A definition for the URLScraper1 plugin must be entered in the PowerHome Explorer>Setup>Plugins table as follows (the 'Load Order' number doesn't have to be as exampled below. Any sequence number, is appropriate). See following discussion regarding the use of "URLScraper" or "URLScraper1".
The example image below shows both plugin versions defined for reference purposes, although normally only one would be used.
[URL_1]
url=http://m.wund.com/cgi-bin/findweather/getForecast?brand=mobile&query=32712
freq=0.5
scrapecount=2
[URL_1_1]
;Temperature {The ";" makes this a comment line}
regexsearch=<td>Temperature</td>[\s\S]*?<b>(.+)</b>
[URL_1_2]
;Humidity
regexsearch=<td>Humidity</td>[\s\S]*?<b>(.+)</b>
regexoccur=1
regexflags=0
These two searches will find the Temperature and the Humidity from the m.wund.com web site and return to the Trigger the Temperature in LOCAL1 and the Humidity in LOCAL2. Up to 9 parameters can be captured. If more are needed a second (ie, {URL_2] section could be defined to capture additional data.

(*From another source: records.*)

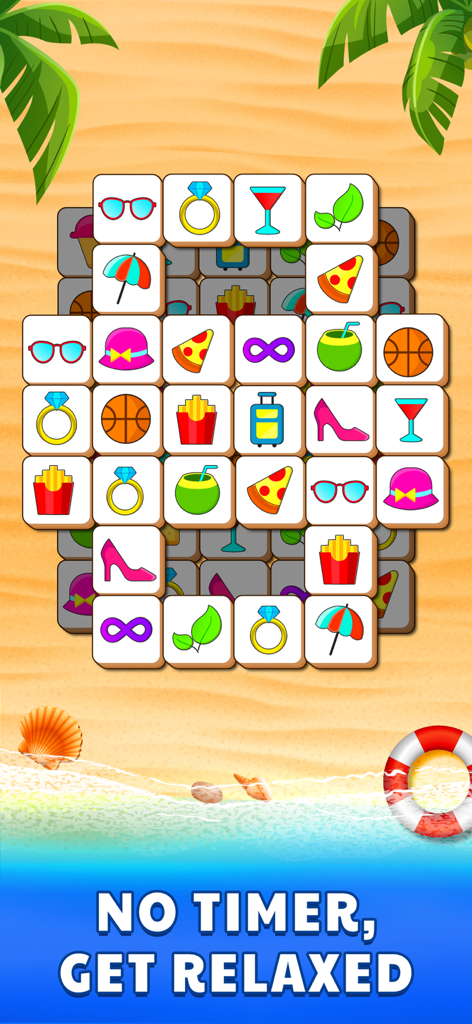 Tile Puzzle Game: Tiles Match - Un écran de jeu de puzzle d'association de tuiles coloré avec un thème de plage relaxant et aucun chronomètre.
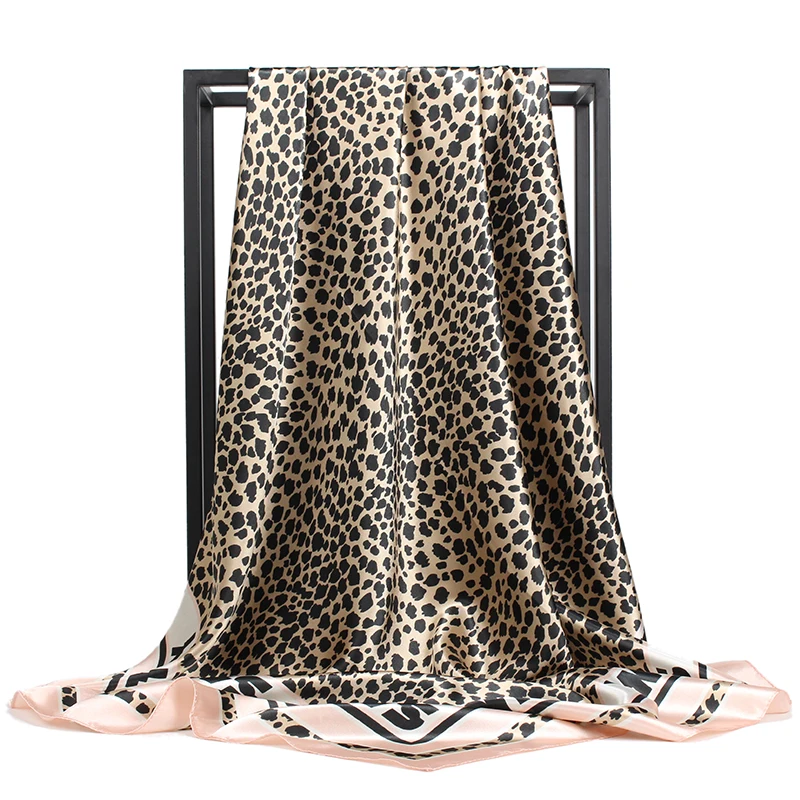 Женский шелковый шарф с леопардовым принтом, новинка, 90x90 см, шейный платок высокого качества, Мягкая атласная бандана, платок для головы, квадратный femme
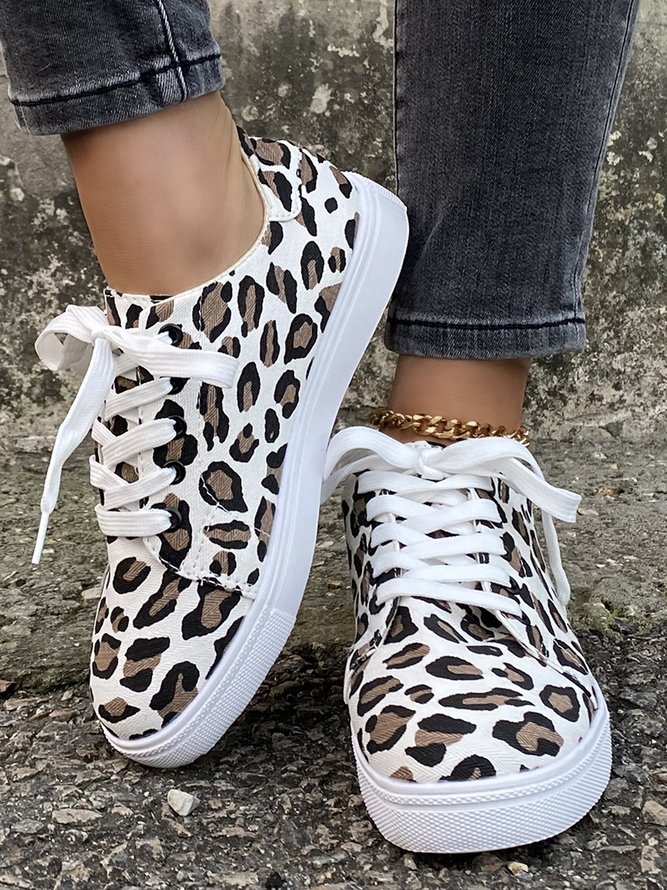 Christmas Red Plaid Black And White Plaid Leopard Casual Flat Shoes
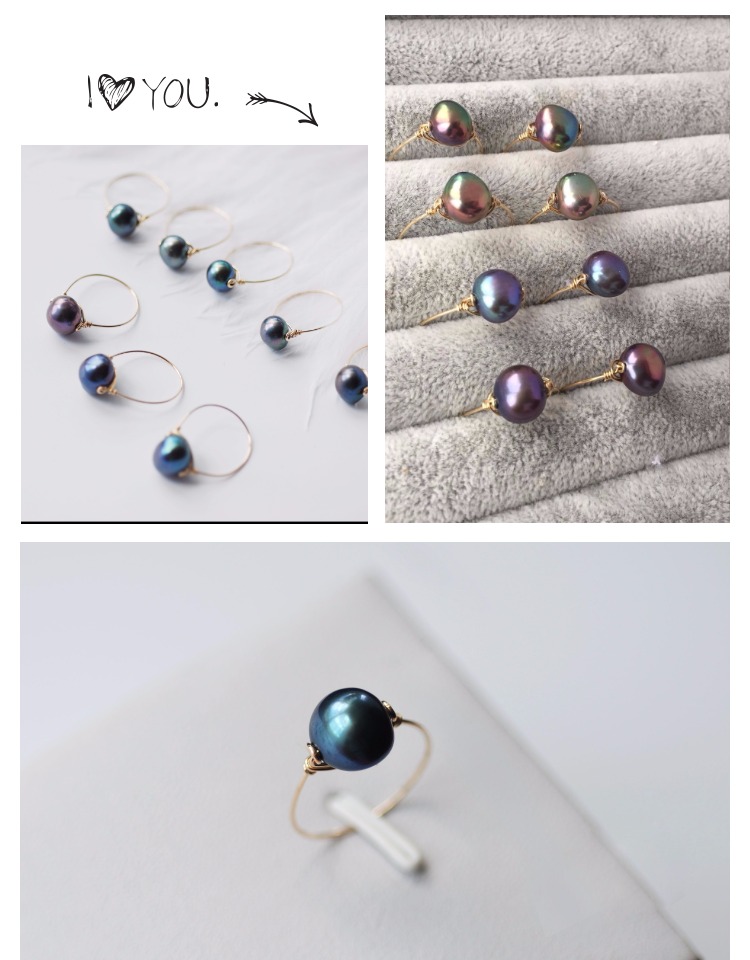 Nhẫn ngọc trai đen Nữ Baroque Nước ngọt bất thường Không khí đơn giản Tính cách ban đầu Handmade tùy chỉnh Chỉ số nhẫn ngón tay - Nhẫn nhẫn phong thủy nam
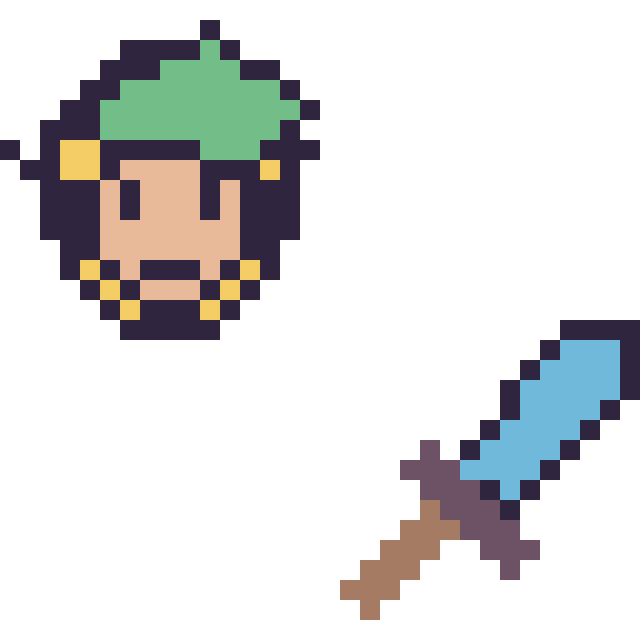 Modèle de pixel art Link mini et Epee diamant Minecraft 16 × 16 sur une grille de 32 par 32 cases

NOTE: The [URL_x] sections are independant of each other and thus can be used to capture additional data from the same site, as indicated above, or may be directed at totally different sites with different frequencies and scrape counts for different purposes (ie, weather on one and football scores on another).
Create a new generic plugin trigger for each of the URL_x scrapes. You can give them ID’s of WEATHER1 and WEATHER2. Set the Trigger ID number to “Command 1" for both and the Trigger Value to “Option 1" for WEATHER1 and “Option 2" for WEATHER2.
When the WEATHER1 trigger fires, the Temperature will be in LOCAL1. When WEATHER2 fires the Humidity will be in LOCAL1.
If you wanted only a single trigger with temperature and humidity, you would need to have a single scrape (URL_1_1) with two snap sections. Then you could have temp in LOCAL1 (if it occurs first) and humidity in LOCAL2.
As referenced above in the URL_1_1 description, up to 5 search matches can be captured in a single trigger. If more are needed, then a 2nd URL_x (ie, URL_2) must be defined. It can pass five more data elements.
All Triggers for ULR_1 extractions are triggered with a "Trigger ID Number" of "Command 1", where the "Trigger Value" will be "Option 1" for the first (LOCAL1) snap, Option 2 for the 2nd (LOCAL2) snap, etc.
URL_2 extractions will be triggered from "Command 2" triggers with "Option 1" (LOCAL1) for the 1st snap in this 2nd URL Group, and "Option 2" (LOCAL2) for the next snap, etc.
The following examples demonstrates an extraordinarily way to extract weather data [Special thanks to "snoker" who discovered this!]
Weather Underground has a free "developer API" you can sign up for that will VERY quickly return a customized XML-formatted document with only the raw information needed (including full compliment of weather data combined with precipitation over time).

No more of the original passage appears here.